Zostera marina is a seagrass species, commonly known as eelgrass, that is found on both coasts of the United States, as well as in Europe. Unfortunately, Zostera is disappearing all over the place, including right here in New York. This could have devastating impacts on animals that rely on eelgrass as foraging grounds, or, as is the case with scallops, use it as a refuge from predation. This is its story, as seen through the eyes of an aspiring graduate student...

Thursday, April 3, 2008

NSA and BEM 2008

Photo by Stephen T Tettelbach

So, this weekend, I am preparing for the National Shellfish Association's 100th Annual Meeting, which starts Sunday night and runs thru Thursday morning. Immediately following that meeting is the Benthic Ecology Meeting, which starts Thursday and runs thru Sunday. So, the good news is I will be spending a week in Providence. The bad news is I will be spending a week in Providence.

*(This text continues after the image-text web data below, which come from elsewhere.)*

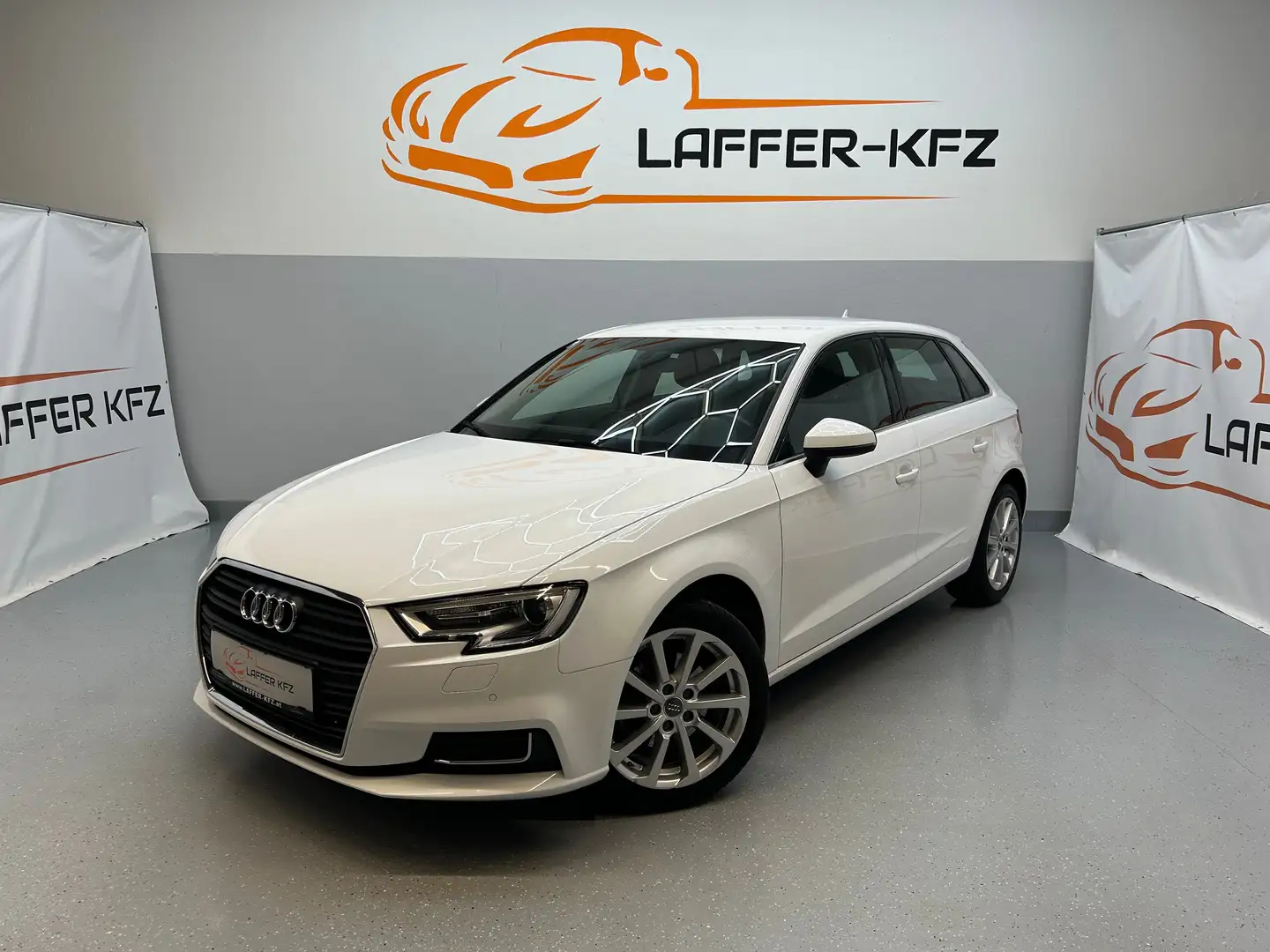 Audi A3 design 1,0 TSI KLIMAAUTO LEDER SITZHZG TEMP NAVI Weiß - 1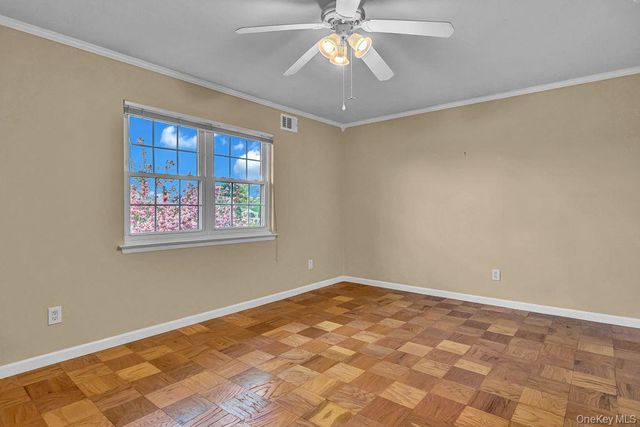 311 Mariners Way, Copiague, NY 11726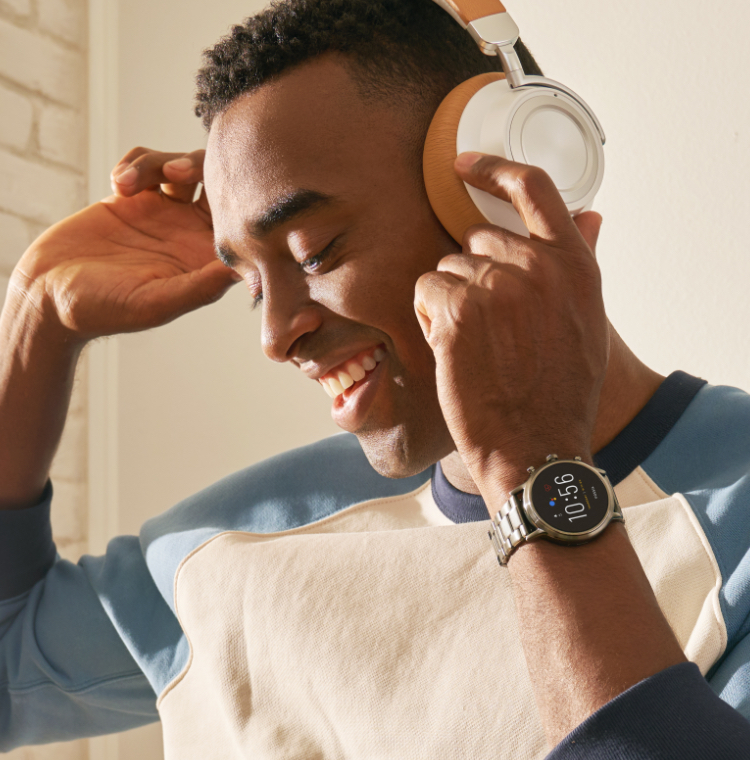 Man listening to music through his Fossil smartwatch's bluetooth functionality.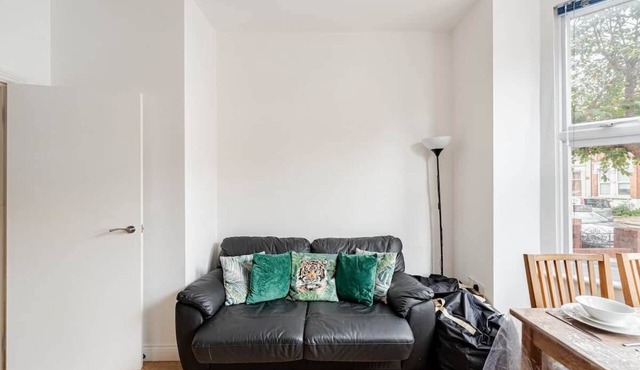 Springfield The Count Close to City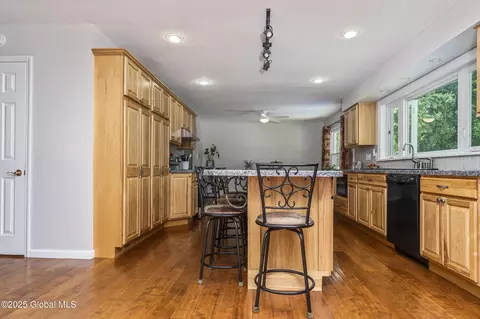 Kitchen - 1908 Evva Dr, Schenectady, NY 12303 photo 4 of 4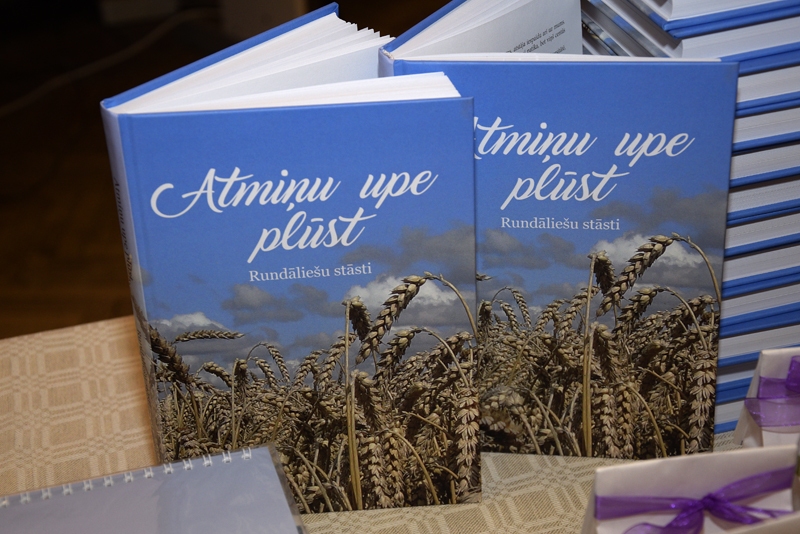 FOTO: Rundālē atver grāmatu «Atmiņu upe plūst»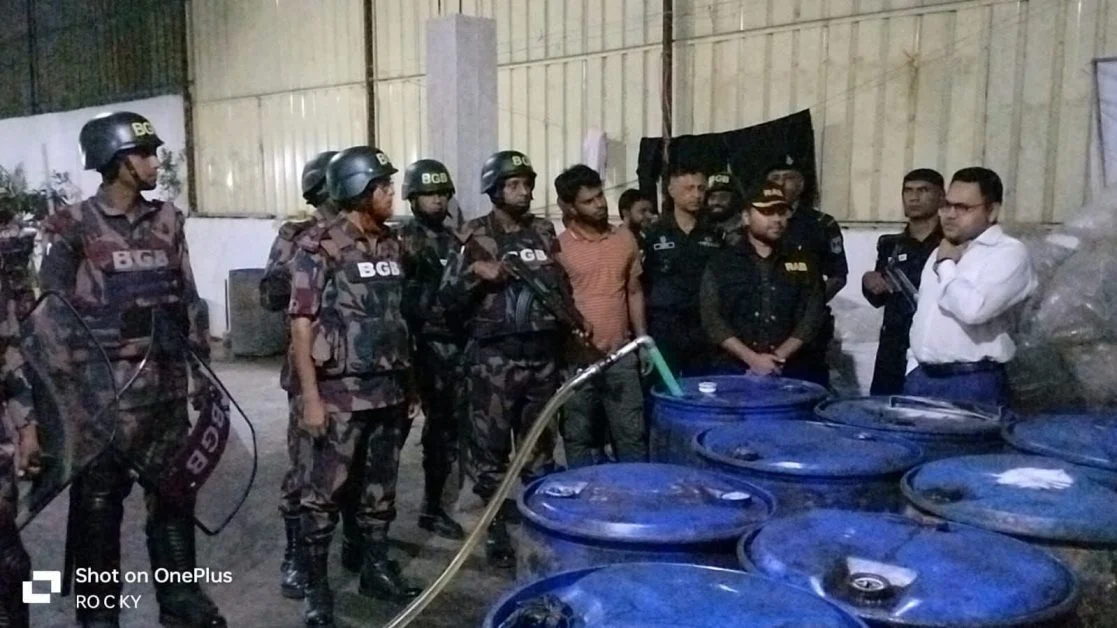রূপগঞ্জে বিজিবি-র‍্যাবের যৌথ অভিযান: ২ হাজার লিটার সয়াবিন তেল উদ্ধার, গুদাম সিলগালা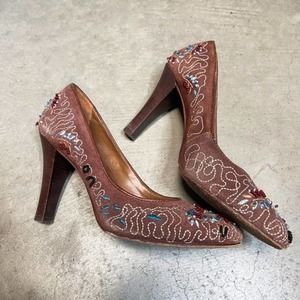 Aldo Embroidered Suede Heel 🔥🔥🔥 Fit like 6 or Narrow 6.5 US.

However, it is still very exciting. This will be my first NSA meeting, and I am presenting a poster on some of the bay scallop research I have been working on the past two summers. I am very excited to get feedback from scallop experts. My poster is entitled "A Bay Scallop's Brave New World: Can the introduced Codium fragile act as an eelgrass surrogate?" Now that I have been analyzing the data for a few months, and working up the rest of the samples, we are starting to see some pretty interesting results about Codium's potential as a bay scallop habitat. Also exciting is posters presented by two of my bay scallop partner's in crime, self proclaimed spat master Andrew and hose-getter Dennis, both graduate students of Stephen Tettelbach (Long Island's resident bay scallop expert) of LIU. Andrew was lucky enough to actually observe bay scallop mass spawning in the field while diving and will be presenting that work, entitled "Direct observation of bay scallop, Argopecten irradians irradians, spawning in New York waters." Not only was he able to observe this spawning event, it was part of a monitoring project looking at scallops in spawner sanctuaries and tracking gonadal indices. They were able to demonstrate that spawning occured after spikes in temperature AND periods of moderate disturbance, which was very interesting. This work has been published, and you can read it by looking up this citation:
Tettelbach, S.T. and A. Weinstock. 2008. Direct observation of bay scallop spawning in New York waters. Bull. Mar. Sci. 82(2): 213-219.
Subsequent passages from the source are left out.